Gary Barbaro

No. 26
- Position: Safety

Personal information
- Born: February 11, 1954 (age 72) New Orleans, Louisiana, U.S.
- Listed height: 6 ft 4 in (1.93 m)
- Listed weight: 203 lb (92 kg)

Career information
- High school: East Jefferson (Metairie, Louisiana)
- College: Nicholls
- NFL draft: 1976: 3rd round, 74th overall pick

Career history
- Kansas City Chiefs (1976–1983); New Jersey Generals (1984);

Awards and highlights
- 3× Pro Bowl (1980–1982); All-USFL (1984); Kansas City Chiefs Hall of Fame;

Career NFL statistics
- Interceptions: 39
- Fumble recoveries: 10
- Defensive touchdowns: 3
- Stats at Pro Football Reference

= Gary Barbaro =

American football player (born 1954)

Gary Wayne Barbaro (born February 11, 1954) is an American former professional football player who was a safety for seven seasons in the National Football League (NFL) from 1976 to 1982 and one season in the United States Football League (USFL) in 1984. He played college football for the Nicholls Colonels and was selected in the third round of the 1976 NFL draft by the Kansas City Chiefs. He had 39 career interceptions and was selected to participate in three Pro Bowls.

==College career==
Barbaro played just one year of high school football at East Jefferson High School in Metarie, Louisiana, instead spending most of his high school years playing trombone in the marching and jazz band. In 1971, he was recruited to play college football at Nicholls State University, which had recently added football that year. Originally a quarterback, Barbaro suffered from a sore arm and switched over to defensive back in his junior year. He was named All-Conference in 1975, helping Nicholls State to an 8–2 record and being selected to play in the Senior Bowl. He is a member of the school's Athletic Hall of Fame and the Louisiana Sports Hall of Fame.

==Professional career==
Barbaro was selected by the Kansas City Chiefs in the third round of the 1976 NFL draft, becoming the first player in Nicholls State history ever to be selected in the NFL Draft. Replacing previous starter Mike Sensibaugh, Barbaro was mentored by defensive backs coach Tom Bettis, who taught him how to become a more efficient free safety.
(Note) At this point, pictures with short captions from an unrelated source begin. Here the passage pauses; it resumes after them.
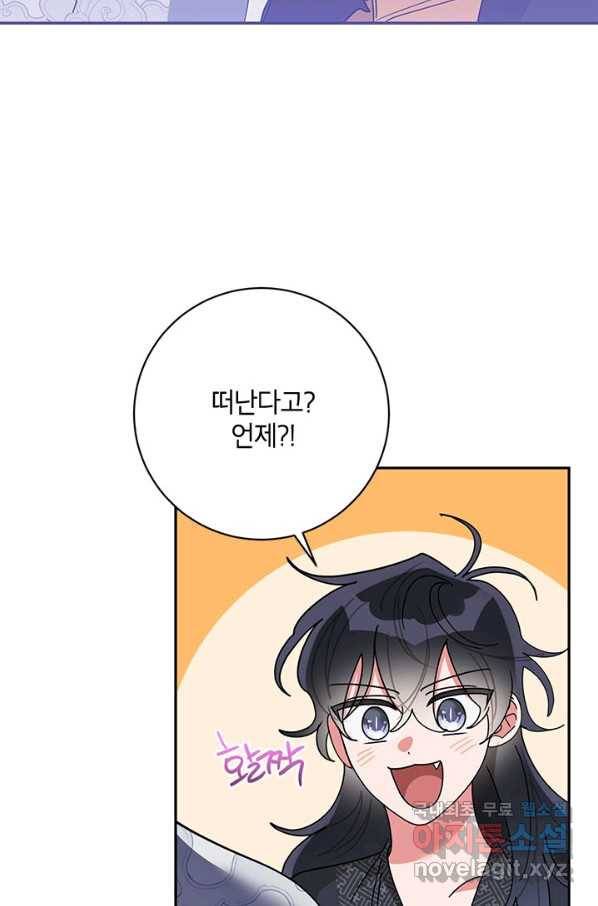 무협지 최고 악당의 귀한 딸입니다 75화 52
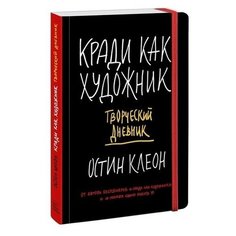 Блокнот Манн Иванов и Фербер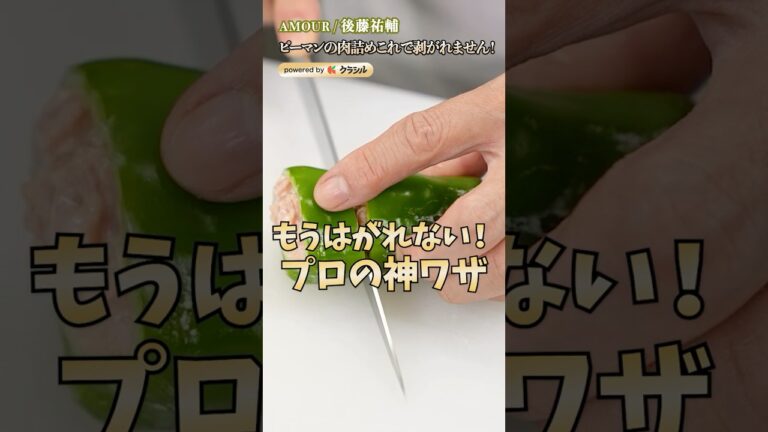 【もう剥がれない！画期的なピーマンの肉詰めの下処理】｜#クラシル #shorts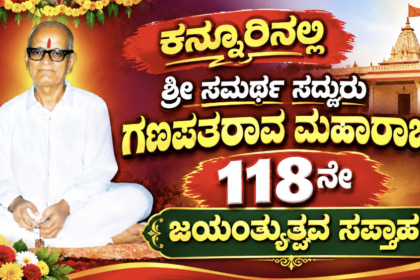 ಕನ್ನೂರಿನಲ್ಲಿ ಶ್ರೀ ಸಮರ್ಥ ಸದ್ಗುರು ಗಣಪತರಾವ ಮಹಾರಾಜರ 118ನೇ ಜಯಂತ್ಯುತ್ಸವ ಸಪ್ತಾಹ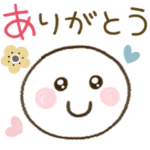 シンプル♡まるちゃん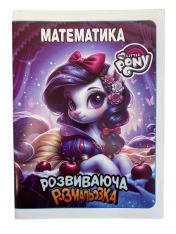 Книжка-розмальовка Polly розвивальна із завданнями Мікс. Фото 12
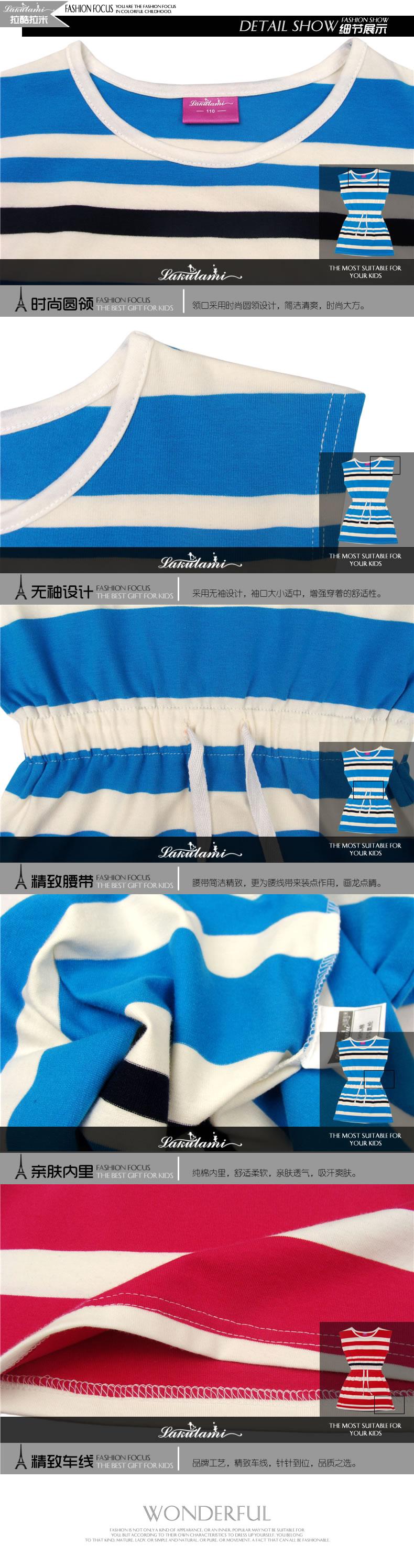 Robe enfant - Ref 2047205 Image 24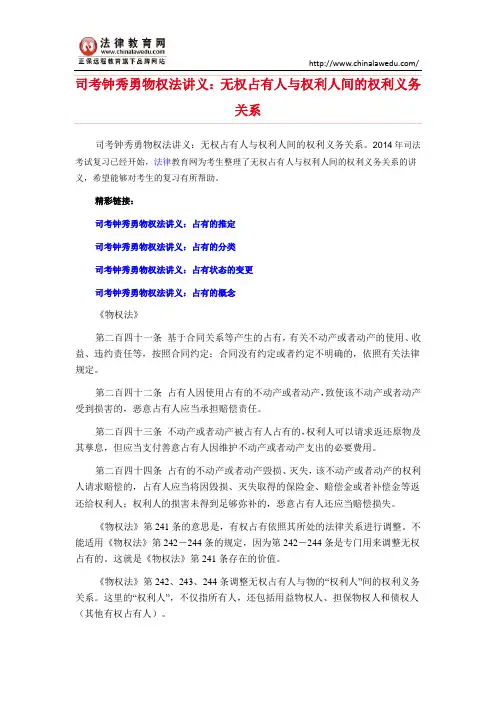 司考钟秀勇物权法讲义：无权占有人与权利人间的权利义务关系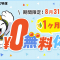 夏休みにプログラミング体験『1ヶ月無料無料体験』受付中！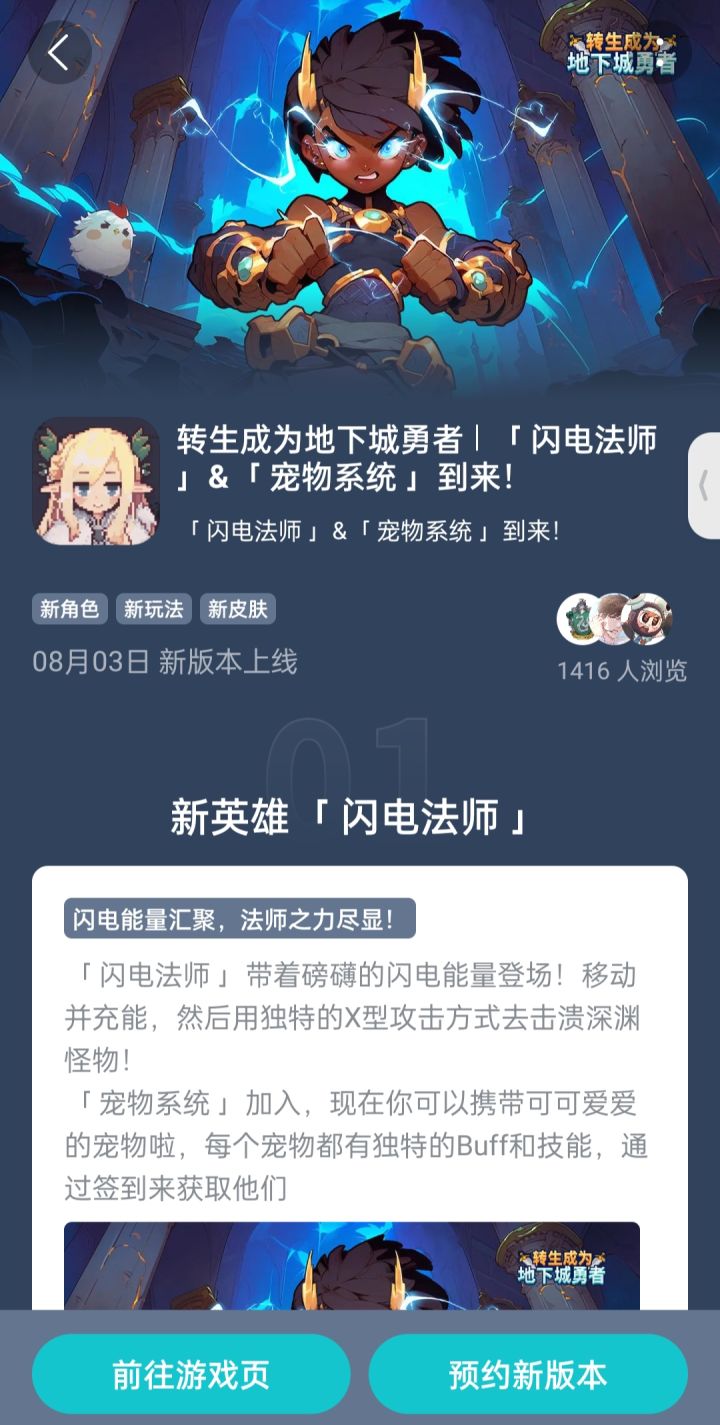官方的公告呢？截图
The 6-foot-4, 200-pound Barbaro spent seven seasons with the Chiefs, earning Pro Bowl honors following the 1980, 1981, and 1982 seasons.

In 1976, Barbaro was named second-team All-NFL rookie team and won the Mack Lee Hill Award for best rookie in the Chiefs organization. In 1977, he had eight interceptions and led the NFL in interception return yards with 165, 102 of which he set in a December 1977 game against the Seattle Seahawks. That day, Barbaro intercepted a pass thrown by Jim Zorn in the end zone and returned it 102 yards for a touchdown, which, at the time broke an NFL record and is currently the Chiefs single-game record for longest interception return. In 1979, Barbaro intercepted seven passes and was the first ever honoree of the Kansas City Chiefs Most Valuable Player award. In 1980, he finished second in the league in interceptions with 10, behind Lester Hayes's 13, and was named second-team 1980 All-NFL by The Sporting News and second-team All-Pro by the Associated Press. In 1981 Barbaro had five interceptions for 134 yards while he was named first team All-Pro by the Pro Football Writers Association.

In November 1983, after sitting out the entire NFL season in a contract dispute, Barbaro signed a three-year contract with the New Jersey Generals of the USFL. In his only USFL season (1984), he was named to The Sporting News USFL All-Star Team. Barbaro tore his ACL in his left knee earlier in the season and missed four games, came back to play in the Generals' July 1984 USFL playoff loss to the Philadelphia Stars where he further injured the knee, ending his career.

In seven NFL seasons (1976–1982), Barbaro intercepted 39 passes, currently the fourth highest total in Chiefs history while his 771 career interception yards is second all-time, behind Hall of Famer Emmitt Thomas. He participated in every eligible game, 101 consecutive games in total, during his career.

==Retirement and personal life==
Barbaro currently resides in Metarie, Louisiana where he works in the food service industry and is a uniform inspector in every New Orleans Saints home football game. On September 29, 2013, Barbaro became the 43rd member named to the Chiefs Hall of Fame by Chiefs chairman Clark Hunt.